Возвратились с охоты Степан и Генрих, мокрые, измученные и с пустыми руками.
— Сегодня низадачливый день, ни рибы, ни дичи, — виновато оправдывался Расторгуев. — Да вить и то какая охота, нипогода все живое по укромным местам попрятала. А ночью Диба совсем вийдет из берегов. Как периправляться-то станем, Диментьич?
— Утро вечера мудренее, — ответил Черский. — Плот сообразим и переправимся.
— Рази чо на плоту. Лошади-то вон допреж нас на тот берег перемахнули. Траву повкуснее ищут.
Ночь прошла в постоянно налетающих косяках дождя и тревожном шуме тайги. Черский долго не мог заснуть. Лежа на пахнущих смолою зеленых лапах стланика, он слушал, как тайга гудела тяжело и властно, как барабанил по крыше палатки дождь. Из непроглядной глубины ночи доносились чьи-то вздохи, вскрики, стоны. Гневно проухал филин, жалобно проверещал зайчишка, около палатки треснуло дерево и с глухим стуком упало. «Дуплистое», — определил Черский и, силясь уснуть, стал считать, досчитал до трехсот тридцати трех и бросил. «Так не уснешь». Он стал думать о самых разнообразных вещах, представляя себя то совсем маленьким в милой усадьбе Сволна, то гимназистом Виленской гимназии, то студентом Шляхетского института. Видения были темными и неясными, как речная вода. Неожиданно его мысль скользнула из родного дома к Полярной звезде, перенеслась на Марс, на Венеру и канула в далекое прошлое Земли. Почему-то возник мамонт, огромный, косматый зверь с загнутыми бивнями, потом полулюди-полузвери, одетые в шкуры, с каменными топорами в руках.
Черский открыл глаза, потер пальцами виски, словно стараясь избавиться от наваждения. «Сколько миллионов лет отделяют меня от этих причудившихся картин? А ведь все это было, было, существовало и боролось за право своего существования! Да, на Севере росли тропические леса и жили мамонты. Иначе чем объяснишь такое обилие мамонтовых костей в вечной мерзлоте здешних мест? Кое-кто объясняет появление мамонтов на Севере тем, что они, продвигаясь сюда, просто приспособились к его суровым условиям. Мои оппоненты не признают, что до ледникового периода здесь был тропический климат, А я верю в это…»
Его разбудил Степан.
— Рика бунтует, Диментьич. Вишла из биригов, да это не страшно. Зато погодка установилась. Ми грузы на плоту перебросим, я уже полдюжины лиственниц повалил.

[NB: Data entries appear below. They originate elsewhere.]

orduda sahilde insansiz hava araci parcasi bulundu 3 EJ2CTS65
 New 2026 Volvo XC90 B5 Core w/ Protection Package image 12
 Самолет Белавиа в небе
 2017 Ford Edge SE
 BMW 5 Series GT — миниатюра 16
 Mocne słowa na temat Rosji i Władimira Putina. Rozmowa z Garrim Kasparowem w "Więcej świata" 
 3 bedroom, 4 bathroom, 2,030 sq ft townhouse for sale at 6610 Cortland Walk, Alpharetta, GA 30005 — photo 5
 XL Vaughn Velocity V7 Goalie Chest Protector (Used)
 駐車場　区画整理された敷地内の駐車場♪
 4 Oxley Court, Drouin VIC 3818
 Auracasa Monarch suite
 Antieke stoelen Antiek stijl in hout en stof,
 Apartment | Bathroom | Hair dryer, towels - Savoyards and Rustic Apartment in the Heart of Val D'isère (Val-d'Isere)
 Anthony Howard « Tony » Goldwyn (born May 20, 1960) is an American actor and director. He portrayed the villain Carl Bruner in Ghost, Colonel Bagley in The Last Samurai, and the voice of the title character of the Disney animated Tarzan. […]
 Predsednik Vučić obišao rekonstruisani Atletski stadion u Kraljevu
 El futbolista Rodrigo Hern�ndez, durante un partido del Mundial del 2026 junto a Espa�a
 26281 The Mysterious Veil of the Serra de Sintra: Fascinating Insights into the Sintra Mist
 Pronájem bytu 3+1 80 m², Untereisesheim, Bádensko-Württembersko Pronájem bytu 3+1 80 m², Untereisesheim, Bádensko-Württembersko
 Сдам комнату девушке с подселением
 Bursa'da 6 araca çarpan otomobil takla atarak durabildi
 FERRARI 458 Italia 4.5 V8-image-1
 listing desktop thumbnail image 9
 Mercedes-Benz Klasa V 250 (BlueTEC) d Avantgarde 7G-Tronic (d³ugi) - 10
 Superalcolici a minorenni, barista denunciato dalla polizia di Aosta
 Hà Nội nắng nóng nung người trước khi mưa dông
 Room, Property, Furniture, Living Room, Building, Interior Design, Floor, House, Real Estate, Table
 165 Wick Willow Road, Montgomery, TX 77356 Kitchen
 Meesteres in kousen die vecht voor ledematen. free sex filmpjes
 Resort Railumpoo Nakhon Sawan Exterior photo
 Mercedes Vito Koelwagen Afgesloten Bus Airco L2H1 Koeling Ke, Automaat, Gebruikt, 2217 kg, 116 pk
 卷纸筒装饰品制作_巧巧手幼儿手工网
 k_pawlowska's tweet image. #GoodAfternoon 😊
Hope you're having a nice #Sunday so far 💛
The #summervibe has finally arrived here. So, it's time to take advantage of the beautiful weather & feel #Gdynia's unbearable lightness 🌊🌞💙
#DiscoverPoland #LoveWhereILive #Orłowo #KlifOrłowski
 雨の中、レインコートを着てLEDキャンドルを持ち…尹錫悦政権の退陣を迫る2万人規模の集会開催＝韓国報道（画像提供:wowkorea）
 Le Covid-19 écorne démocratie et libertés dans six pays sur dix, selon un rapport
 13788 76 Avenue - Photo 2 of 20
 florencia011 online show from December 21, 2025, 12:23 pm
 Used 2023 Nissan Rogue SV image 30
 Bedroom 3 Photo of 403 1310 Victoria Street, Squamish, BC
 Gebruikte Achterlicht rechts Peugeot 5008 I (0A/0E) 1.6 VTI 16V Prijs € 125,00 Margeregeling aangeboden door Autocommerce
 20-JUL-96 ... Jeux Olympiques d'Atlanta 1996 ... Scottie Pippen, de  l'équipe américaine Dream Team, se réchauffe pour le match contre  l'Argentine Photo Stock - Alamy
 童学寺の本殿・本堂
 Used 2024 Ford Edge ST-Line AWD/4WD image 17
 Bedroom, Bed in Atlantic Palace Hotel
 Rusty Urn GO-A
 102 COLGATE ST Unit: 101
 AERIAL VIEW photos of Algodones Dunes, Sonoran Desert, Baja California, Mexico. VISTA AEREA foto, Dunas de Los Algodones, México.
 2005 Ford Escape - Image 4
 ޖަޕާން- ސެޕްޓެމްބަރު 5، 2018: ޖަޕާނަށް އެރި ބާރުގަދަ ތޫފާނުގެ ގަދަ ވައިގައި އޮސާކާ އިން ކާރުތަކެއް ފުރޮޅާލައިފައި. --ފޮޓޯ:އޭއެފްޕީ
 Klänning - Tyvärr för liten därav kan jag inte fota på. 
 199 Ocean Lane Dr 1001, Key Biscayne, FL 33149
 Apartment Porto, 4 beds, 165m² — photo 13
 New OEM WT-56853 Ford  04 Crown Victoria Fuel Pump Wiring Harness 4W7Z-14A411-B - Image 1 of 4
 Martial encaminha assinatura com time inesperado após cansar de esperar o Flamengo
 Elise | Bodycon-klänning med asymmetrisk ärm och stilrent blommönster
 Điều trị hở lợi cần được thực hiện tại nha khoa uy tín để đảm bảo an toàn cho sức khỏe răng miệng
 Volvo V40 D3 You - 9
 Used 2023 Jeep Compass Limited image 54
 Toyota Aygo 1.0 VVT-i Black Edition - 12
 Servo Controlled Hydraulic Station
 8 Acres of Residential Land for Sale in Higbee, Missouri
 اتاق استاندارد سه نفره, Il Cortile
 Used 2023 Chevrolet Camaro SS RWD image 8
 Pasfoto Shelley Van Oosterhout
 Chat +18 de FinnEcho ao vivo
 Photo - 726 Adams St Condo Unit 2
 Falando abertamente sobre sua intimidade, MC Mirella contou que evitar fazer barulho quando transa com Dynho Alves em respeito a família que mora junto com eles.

— Что же ты не разбудил нас пораньше? Один за всех, ты так скоро поджилки надорвешь.
Степан только улыбнулся в пшеничную бородку.
Плот вязали все. Закрепив конец каната за поперечный брус плота, Степан обмотал себя другим концом и смело шагнул в мутную Дыбу. Черский и Генрих с шестами в руках устроились на плоту. На бревнах удалось разместить всего лишь шесть пудов груза. «Придется переправляться четырнадцать раз», — подумал Черский.